First an important misconception that some may hold as I did. CBC encryption of a packet smears plaintext differences thruout the current and subsequent cipher blocks. By contrast, CBC decryption of ciphertext with a one bit error in the ciphertext shows up only thruout the current block and that bit in the next block. This is indeed what it means to be self synchronizing. An immediate consequence of this is that cutting and pasting ciphertext from different packets but with the same key, will result largely in the corresponding plaintext upon decryption. There will be one garbled block at the splice of the plaintext. The inventors of CBCC presumed that this garble will cause a failure in the simple redundancy check.

First I collect a few schemes. They have in common some sort of simple cheap redundancy added to the plaintext check before the encryption and checked after the decryption.

In each of the following it is required that the payload, P₁, P₂, ...P_n, satisfy a redundancy check to be specified later.

1. C₀ = E(packet serial number)
   C_i = E(C_i−1 xor P_i) for i starting at 1
   Transmit C_i starting from i = 1.
2. P₀ = packet serial number; C₋₁ = 0
   C_i = E(C_i−1 xor P_i) for i starting at 0
   Transmit C_i starting from i = 1.
3. C₀ = new random number each packet
   C_i = E(C_i−1 xor P_i) for i starting at 1
   Transmit C_i starting from i = 0.

Schemes 1 and 2 are identical but these expressions fit into different patterns. Scheme 3 Characterizes the Kerberos V5 message packet where the random number is called the “confounder”.

The Kerberos redundancy check used a 32 bit CRC. See:

S. Stubblebine and V. Gligor, On Message Integrity in Cryptographic Protocols, IEEE Computer Society Symposium on Research in Security and Privacy, Oakland, CA, May, 1992, pp. 85-104. (Electronic version not available :(

Nature of Redundancy Check

Given that ciphertext errors do not propagate to the end of decrypted plaintext, the redundancy check must cover all of the plaintext, as does a simple checksum.
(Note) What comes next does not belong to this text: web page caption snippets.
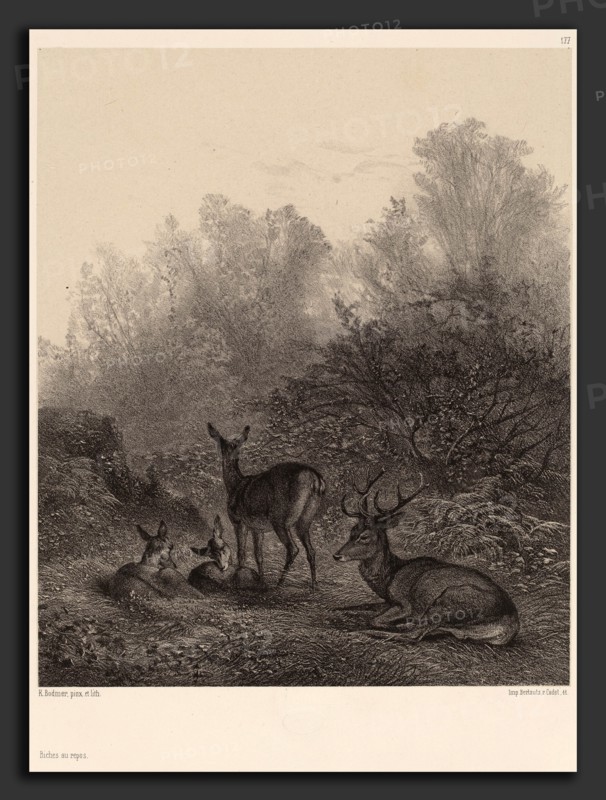 Karl Bodmer, Biches au repos, Swiss, 1809 - 1893, lithograph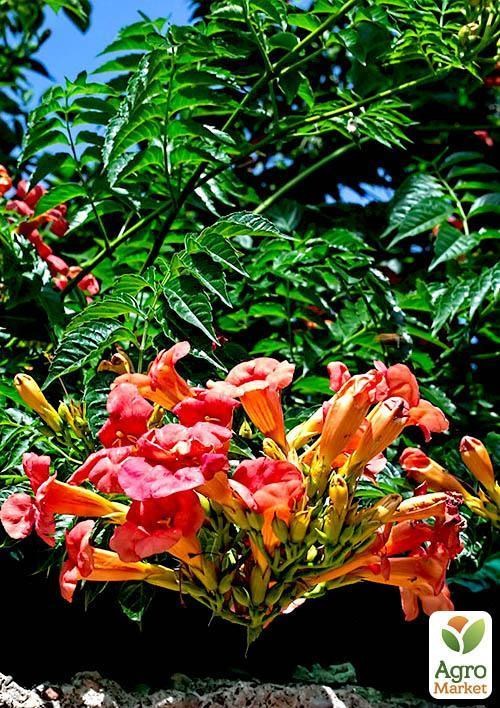 Кампсис укореняющийся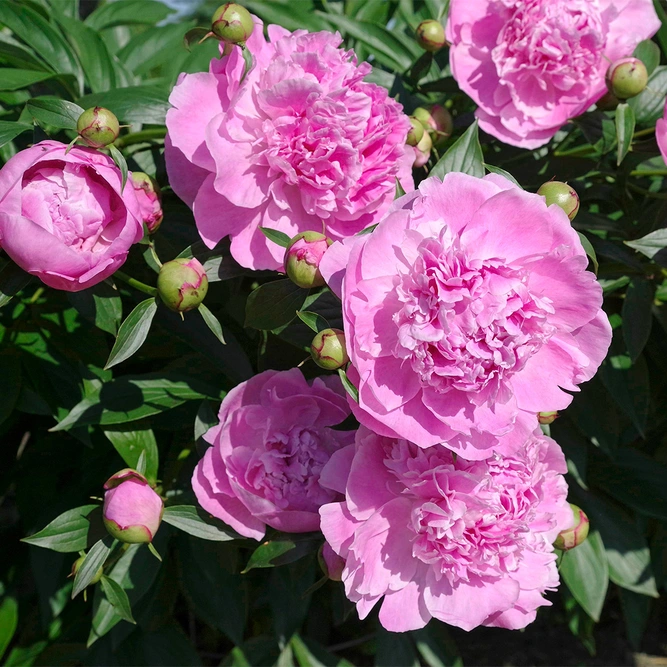 Paeonia lactiflora 'Sarah Bernhardt' available at Boma Garden Centre Image by F. D. Richards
I advocate either a simple arithmetic add or boolean xor of 128 bits, probably in agreement with the width of the block cipher. The redundancy requirement is that the sum of the plaintext be 0. I think that the only properties of this redundancy that we require stem from being an abelian group. Indeed any simply computed abelian group with 2¹²⁸ elements will do. If “•” is the group operator then R₀ = group identity and for i from 1 to n: R_i = R_i−1 • P_i. The redundancy requirement is that R_n = R₀.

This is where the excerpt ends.